Police said they were investigating the death, which brought thousands of locals out on the streets of Srinagar’s Soura district chanting slogans.

An AFP photographer said police fired several warning shots in the air to disperse the protesters who were carrying the corpse.

Later some of the protesters, chanting “blood for blood” and “Go India, go back”, set fire to a police vehicle and a private vehicle parked near a police station, witnesses said.

Police fired teargas and swung batons to disperse the protesters and in the ensuing clashes 12 demonstrators were hurt, police said.

The scenic Kashmir region has been under rolling curfews to contain deadly protests that began with the killing on June 11 of a teenage student in Srinagar by a police tear-gas shell.

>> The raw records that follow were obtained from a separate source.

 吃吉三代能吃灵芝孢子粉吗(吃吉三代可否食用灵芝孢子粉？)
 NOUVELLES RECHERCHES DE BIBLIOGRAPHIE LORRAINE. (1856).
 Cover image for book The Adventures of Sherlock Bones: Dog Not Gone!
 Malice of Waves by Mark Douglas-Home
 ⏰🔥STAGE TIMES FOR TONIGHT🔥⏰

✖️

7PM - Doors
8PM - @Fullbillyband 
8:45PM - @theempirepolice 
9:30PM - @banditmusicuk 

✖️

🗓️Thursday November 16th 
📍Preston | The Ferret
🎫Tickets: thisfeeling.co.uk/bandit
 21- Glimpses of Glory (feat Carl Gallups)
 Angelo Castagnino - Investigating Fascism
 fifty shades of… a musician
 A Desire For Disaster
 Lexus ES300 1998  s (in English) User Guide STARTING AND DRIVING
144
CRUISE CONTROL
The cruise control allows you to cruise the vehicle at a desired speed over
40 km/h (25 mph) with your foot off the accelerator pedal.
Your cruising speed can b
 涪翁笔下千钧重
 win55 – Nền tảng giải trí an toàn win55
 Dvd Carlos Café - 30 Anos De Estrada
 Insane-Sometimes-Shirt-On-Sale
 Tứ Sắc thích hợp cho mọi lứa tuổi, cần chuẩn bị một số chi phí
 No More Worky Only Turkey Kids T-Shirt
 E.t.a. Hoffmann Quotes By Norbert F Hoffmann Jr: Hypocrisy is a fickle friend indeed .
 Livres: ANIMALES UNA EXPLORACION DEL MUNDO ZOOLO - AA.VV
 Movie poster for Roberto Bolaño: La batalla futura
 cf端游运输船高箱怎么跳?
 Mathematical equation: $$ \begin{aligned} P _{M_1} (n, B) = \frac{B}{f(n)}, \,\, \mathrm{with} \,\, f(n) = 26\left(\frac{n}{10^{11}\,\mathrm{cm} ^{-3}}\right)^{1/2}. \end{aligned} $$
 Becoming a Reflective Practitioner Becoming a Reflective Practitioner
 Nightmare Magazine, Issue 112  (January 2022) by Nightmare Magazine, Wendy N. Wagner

Most parts of Srinagar were under strict curfew on Wednesday after Muslim separatists opposed to Indian rule in the region called on residents to hold protests.

In other Muslim-majority towns where the curfew was not in force, a strike called by separatists to at protests the deaths brought daily life to a standstill, witnesses said.

In Pampore town, 15 kilometres (nine miles), south of Srinagar, a young protester was wounded on Wednesday when security forces opened fire to quell a demonstration, police said.

Anti-India sentiments run deep in Kashmir, where Muslim militants have fought a 20-year insurgency in Indian Kashmir against rule from New Delhi.

The mountainous region, held in part by Pakistan and India but claimed in full by both, has been the cause of two of the three wars the countries have fought since independence from Britain more than half a century ago.